The goal is so that the discriminator **cannot** classify between real or fake. This obviously means the discrimintaor CAN'T BE WEAK!

### Zero-sum Game 
If one wins, the other loses for sure. 

Ideally we want the generator to win! This is the whole process. 

### Generator Network 
Input --> A noise vector 

Output --> Generated Image

Set to make the discriminator as wrong as possible

### Discriminator Network 
Input --> Image 

Output --> Real or fake

This will do the best job it can to catch the generator. 

The generator will need to lose if the discriminator becomes strong. 

### Loss Function for MinMax Game

Learn discriminator weights to **maximize the probability** that it labels a real image as real, and a generated image as fake. 

What loss function should we use? **Binary Cross-Entropy**, it's just a binary classification problem. 

Now, what is the loss function of the Generator? The **Discriminator**. You are learning this classifier that becomes the loss function of the generator. 

If the discriminator is performing WELL, the generator is NOT performing well. 



## The Generator Training Trick 

If Discriminator has a low loss --> Generator has a high loss 

and vice versa. 

Generator tries to **increase** the loss of the discriminator; we are trying to MAXIMIZE IT! 

This is now Gradient **Ascent**! 

You don't need to do anything fancy!

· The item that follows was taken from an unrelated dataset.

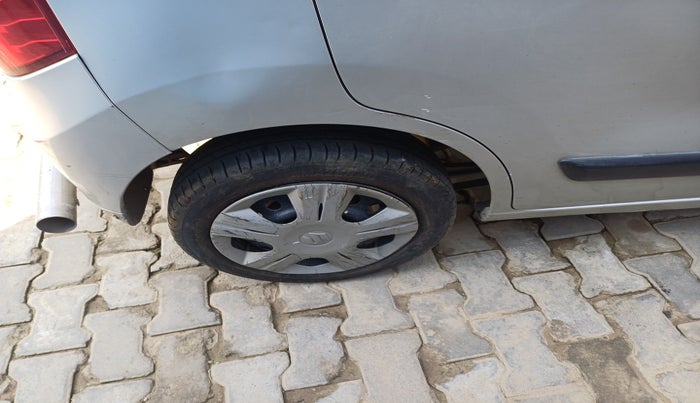 2015 Maruti Wagon R 1.0 VXI, Petrol, Manual, 43,726 km, tyre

From the POV of the generator, just say the ground truth label is 0 (real) even though the output is synthetically generated! 

## Problems of Training GANs 

1. Vanishing Gradients 

This happens a lot if one becomes too much stronger than the other. If the discriminator is too good, then the generator WILL NOT LEARN! 

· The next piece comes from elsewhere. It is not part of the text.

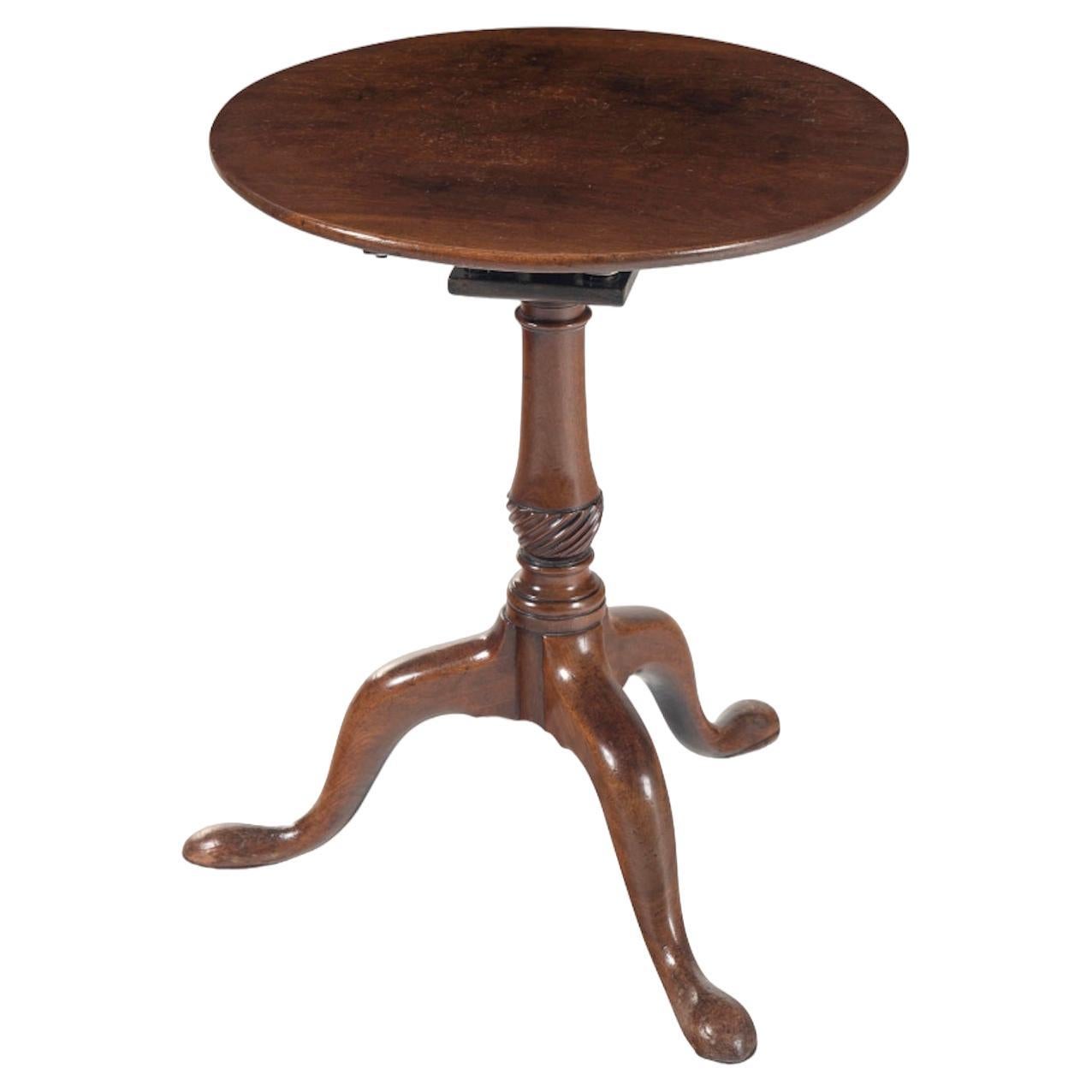 A George III Mahogany Tilt-Top Table 18th Century.  Great color and patination. For Sale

Remember that we are using the discrimiantor as a **loss function** for the generator. 

If the discriminator is too good, small changes in generator weights **won't change the discriminator output** 

If small changes in generator weights make no difference, then we can't incrementally improve the generator 

2. Mode Collapse 
Stuck at local optimum. 

If the generator starts producing the **same output**, the best strategy for the discriminator is to **reject that output**. 

If the discriminator is stuck in a **local optimum**, it cannot adapt to the generator! If the discriminator is bad at "1", the generator will just generate 1 to minize the loss. 

3. Difficulty with Convergence 

Due to the MinMax optimization process, training Vanilla GANs is **very difficult**. It is difficult to numerically see whether there is progress! 

- LeakyReLU 
- Batch Norm 
- Regularize Discriminator Weights & Adding noise to discriminator inputs

## GAN Applications 

1. Grayscale to Color 

- Convert to grayscale 
- Conditional Generator back to color (This is NOT passing noise!)
- Use Discriminator the same way!

![image.png](attachment:image.png)

2. Conditional Generation 

How could we have a GAN trained on MNIST output only specific digits? 

During training: 
- Pass 1-hot encoding of class to BOTH generator and discriminator 
 This is such that the generator is **learning conditionally**. 

3. Style Transfer 

Cycle GAN: Cycle loss is reconstruction loss between input to cyclegan to output of cyclegan to ensure consistency.

![image.png](attachment:image.png)

Take zebras, replace with horses. 

But the catch is that, nothing will push the generator to keep everything else the same! 

The fake horse image is passed into another autoencoder, and reconstruct back the input original zebra image. 

The idea is for the background and things to be similar. The reconstruction loss is done to ensure the background is consistent with the original image! If the horse image is terrible (doesn't preserve background), then it's difficult to reconstruct it back into zebras!